There are over 1.2 billion young persons in the world today. It is estimated that youth make up 18 percent of the global population and 25 percent of the total working age population. About 90 per cent of young people are born in developing countries, where around half of the total population lives in rural areas. The highest average annual population growth over the last ten years was registered in Sub-Saharan Africa (2.5 per cent), the Middle East (2.2 per cent), North Africa (1.7 per cent) and South Asia (1.7 per cent). The growth of youth population is projected to reach its peak in 2035.

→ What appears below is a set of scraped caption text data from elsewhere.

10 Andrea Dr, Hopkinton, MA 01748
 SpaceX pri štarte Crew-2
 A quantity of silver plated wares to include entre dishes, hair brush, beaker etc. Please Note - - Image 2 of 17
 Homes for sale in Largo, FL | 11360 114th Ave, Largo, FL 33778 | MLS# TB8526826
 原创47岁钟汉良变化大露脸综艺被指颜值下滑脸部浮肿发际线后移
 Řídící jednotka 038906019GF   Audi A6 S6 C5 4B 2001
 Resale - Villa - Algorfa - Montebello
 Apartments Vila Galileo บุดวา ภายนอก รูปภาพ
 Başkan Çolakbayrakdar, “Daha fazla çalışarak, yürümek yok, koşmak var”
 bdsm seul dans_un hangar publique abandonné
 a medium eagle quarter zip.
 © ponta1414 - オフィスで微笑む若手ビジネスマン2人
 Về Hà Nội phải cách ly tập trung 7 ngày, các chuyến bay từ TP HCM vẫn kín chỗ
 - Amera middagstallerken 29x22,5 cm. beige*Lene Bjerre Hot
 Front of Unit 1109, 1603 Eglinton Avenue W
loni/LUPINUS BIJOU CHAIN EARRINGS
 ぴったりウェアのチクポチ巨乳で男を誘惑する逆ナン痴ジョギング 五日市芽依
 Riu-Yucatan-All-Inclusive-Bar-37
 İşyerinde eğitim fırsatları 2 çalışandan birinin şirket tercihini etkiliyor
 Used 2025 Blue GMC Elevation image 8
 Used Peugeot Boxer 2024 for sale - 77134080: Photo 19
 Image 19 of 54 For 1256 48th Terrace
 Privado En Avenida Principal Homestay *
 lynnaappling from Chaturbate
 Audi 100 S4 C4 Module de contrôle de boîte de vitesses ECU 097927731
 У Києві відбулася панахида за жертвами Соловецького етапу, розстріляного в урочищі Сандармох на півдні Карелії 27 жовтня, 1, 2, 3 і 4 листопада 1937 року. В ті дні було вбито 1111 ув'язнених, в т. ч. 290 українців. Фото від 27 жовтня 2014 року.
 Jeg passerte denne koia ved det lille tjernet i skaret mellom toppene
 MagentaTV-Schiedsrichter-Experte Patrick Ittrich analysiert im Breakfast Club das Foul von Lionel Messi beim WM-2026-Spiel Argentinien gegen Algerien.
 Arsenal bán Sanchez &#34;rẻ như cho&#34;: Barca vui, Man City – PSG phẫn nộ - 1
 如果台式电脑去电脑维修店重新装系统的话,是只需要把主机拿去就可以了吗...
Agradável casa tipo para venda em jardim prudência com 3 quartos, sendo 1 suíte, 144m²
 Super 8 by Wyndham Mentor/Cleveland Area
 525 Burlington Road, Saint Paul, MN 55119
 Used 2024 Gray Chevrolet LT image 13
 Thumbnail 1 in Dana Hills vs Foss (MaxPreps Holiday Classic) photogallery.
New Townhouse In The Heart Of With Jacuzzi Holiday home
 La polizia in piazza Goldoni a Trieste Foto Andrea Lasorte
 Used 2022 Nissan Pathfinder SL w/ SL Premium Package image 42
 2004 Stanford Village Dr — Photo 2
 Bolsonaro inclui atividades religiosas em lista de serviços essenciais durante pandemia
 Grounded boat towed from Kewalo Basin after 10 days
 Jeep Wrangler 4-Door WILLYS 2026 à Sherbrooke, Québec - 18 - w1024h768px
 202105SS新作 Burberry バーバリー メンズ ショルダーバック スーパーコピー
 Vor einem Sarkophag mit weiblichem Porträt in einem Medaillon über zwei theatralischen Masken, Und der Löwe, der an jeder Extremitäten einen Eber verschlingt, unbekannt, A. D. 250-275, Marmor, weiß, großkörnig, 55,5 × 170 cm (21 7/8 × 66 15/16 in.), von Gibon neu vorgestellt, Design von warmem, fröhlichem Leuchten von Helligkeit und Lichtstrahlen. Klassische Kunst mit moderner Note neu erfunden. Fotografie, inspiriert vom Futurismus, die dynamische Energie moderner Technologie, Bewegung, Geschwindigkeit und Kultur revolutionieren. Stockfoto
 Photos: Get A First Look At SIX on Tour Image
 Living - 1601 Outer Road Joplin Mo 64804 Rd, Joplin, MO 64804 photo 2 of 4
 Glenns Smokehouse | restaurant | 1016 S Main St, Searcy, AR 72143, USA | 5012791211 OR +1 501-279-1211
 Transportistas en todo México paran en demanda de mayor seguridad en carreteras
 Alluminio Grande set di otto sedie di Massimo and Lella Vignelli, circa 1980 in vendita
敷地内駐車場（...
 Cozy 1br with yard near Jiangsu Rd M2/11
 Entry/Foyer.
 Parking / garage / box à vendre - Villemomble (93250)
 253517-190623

Of the world’s estimated 211 million unemployed people in 2009, nearly 40 per cent – or about 81 million – were between 15 to 24 years old, (ILO Global Employment Trends, January 2010). The youth unemployment rate rose drastically during the recent global economic crisis – more sharply than ever before – from 11.9 to 13.0 per cent. Unemployment is more widespread among young people living in urban areas. Unemployment is a less-affordable option for people living in rural areas, where most young workers have to accept any job in order to survive. In addition, an estimated 400 million youth worldwide – or about one third of all youth aged 15 to 24 – suffer from a deficit of decent work opportunities (Decent employment for youth is targeted in the Millennium Development Goals, Goal 1, target 1.B). The vast majority of jobs available to youth are low paid, insecure, and with few benefits or prospects for advancement.
Some 152 million young people, even if they have a job, live in households that earn less than the equivalent of USD1.25 per day (ILO Global Employment Trends for Youth, August 2010). Furthermore, in some countries there is an increase in worker discouragement among youth per capita that has led some young people to give up the job search.
In Sub-Saharan Africa and South Asia, up to 70 per cent of youth live in rural areas and half of the young labour force works in agriculture (IFAD, 2007). Although employment in agriculture declined during the decade 1998 – 2008, it still remains the main source of employment for more than half of people working in East Asia, South-East Asia and the Pacific, South Asia and Sub-Saharan Africa.
Lack of investments, to improve decent work prospects for young people in rural areas, often results in lower living standards and de-population of rural areas. The scarce availability of decent work and decent living opportunities and the little hope of a better future are the main factors pushing youth to migrate from rural to urban areas or abroad. Often, youth migration to urban areas leads to unemployment, poverty and alienation and, in some cases, to anti-social behaviours or exploitation.